If you need reference-counting pointers, note that Rc::make_mut and Arc::make_mut can provide clone-on-write functionality as well.

Examples

use std::borrow::Cow;

fn abs_all(input: &mut Cow<[i32]>) {
    for i in 0..input.len() {
        let v = input[i];
        if v < 0 {
            // Clones into a vector if not already owned.
            input.to_mut()[i] = -v;
        }
    }
}

// No clone occurs because `input` doesn't need to be mutated.
let slice = [0, 1, 2];
let mut input = Cow::from(&slice[..]);
abs_all(&mut input);

// Clone occurs because `input` needs to be mutated.
let slice = [-1, 0, 1];
let mut input = Cow::from(&slice[..]);
abs_all(&mut input);

// No clone occurs because `input` is already owned.
let mut input = Cow::from(vec![-1, 0, 1]);
abs_all(&mut input);

Another example showing how to keep Cow in a struct:

use std::borrow::Cow;

struct Items<'a, X: 'a> where [X]: ToOwned<Owned = Vec<X>> {
    values: Cow<'a, [X]>,
}

impl<'a, X: Clone + 'a> Items<'a, X> where [X]: ToOwned<Owned = Vec<X>> {
    fn new(v: Cow<'a, [X]>) -> Self {
        Items { values: v }
    }
}

// Creates a container from borrowed values of a slice
let readonly = [1, 2];
let borrowed = Items::new((&readonly[..]).into());
match borrowed {
    Items { values: Cow::Borrowed(b) } => println!("borrowed {b:?}"),
    _ => panic!("expect borrowed value"),
}

let mut clone_on_write = borrowed;
// Mutates the data from slice into owned vec and pushes a new value on top
clone_on_write.values.to_mut().push(3);
println!("clone_on_write = {:?}", clone_on_write.values);

// The data was mutated.
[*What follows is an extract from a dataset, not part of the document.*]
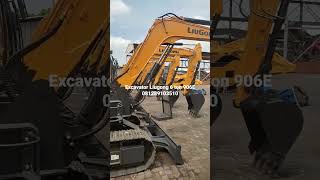 Excavator Liugong 6-7 ton alatberat#liugong#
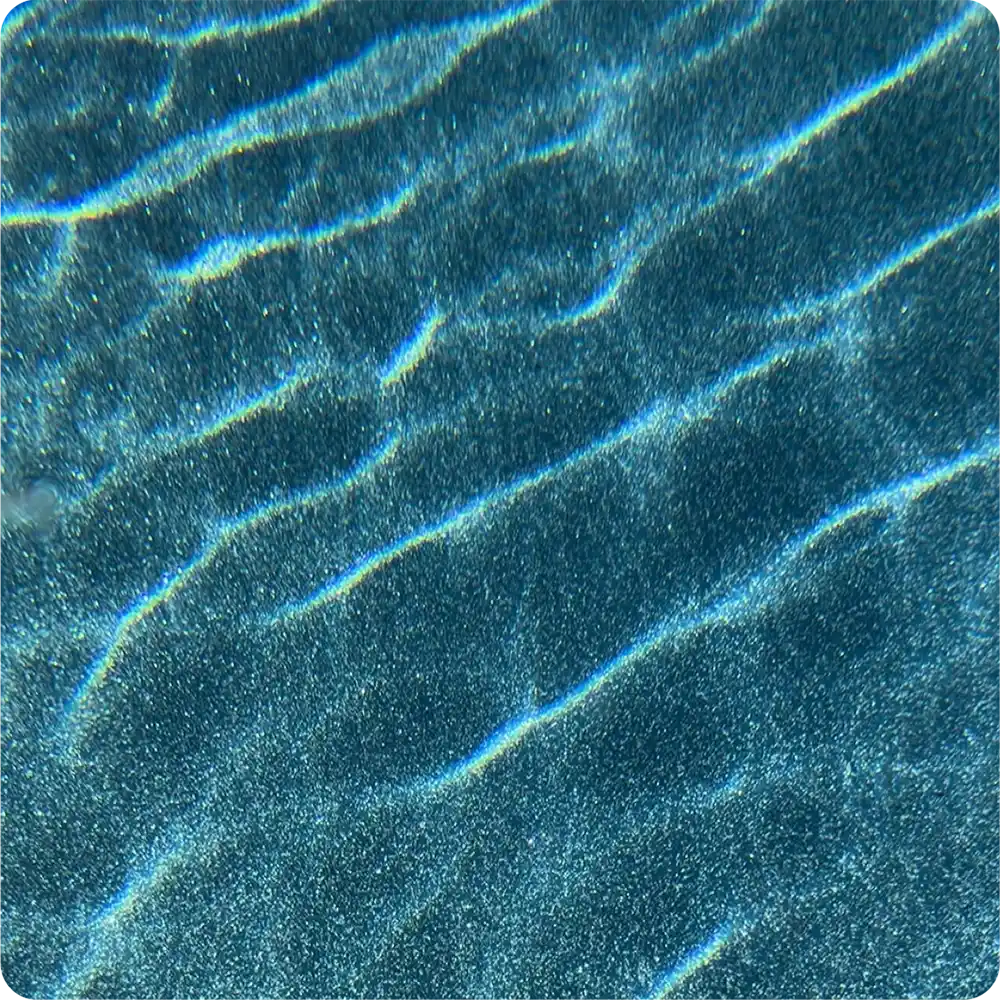 Piscina Granitada® na cor Deep Blue Platinum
Let's check it out.
match clone_on_write {
    Items { values: Cow::Owned(_) } => println!("clone_on_write contains owned data"),
    _ => panic!("expect owned data"),
}

Variants

Borrowed(&'a B)

Borrowed data.

Owned(<B as ToOwned>::Owned)

Owned data.

Implementations

impl<B: ?Sized + ToOwned> Cow<'_, B>

pub fn is_borrowed(&self) -> bool

🔬This is a nightly-only experimental API. (cow_is_borrowed #65143)

Returns true if the data is borrowed, i.e. if to_mut would require additional work.

Examples

#![feature(cow_is_borrowed)]
use std::borrow::Cow;

let cow = Cow::Borrowed("moo");
assert!(cow.is_borrowed());

let bull: Cow<'_, str> = Cow::Owned("...moo?".to_string());
assert!(!bull.is_borrowed());

pub fn is_owned(&self) -> bool

🔬This is a nightly-only experimental API. (cow_is_borrowed #65143)

Returns true if the data is owned, i.e. if to_mut would be a no-op.

Examples

#![feature(cow_is_borrowed)]
use std::borrow::Cow;

let cow: Cow<'_, str> = Cow::Owned("moo".to_string());
assert!(cow.is_owned());

let bull = Cow::Borrowed("...moo?");
assert!(!bull.is_owned());

pub fn to_mut(&mut self) -> &mut <B as ToOwned>::Owned

Acquires a mutable reference to the owned form of the data.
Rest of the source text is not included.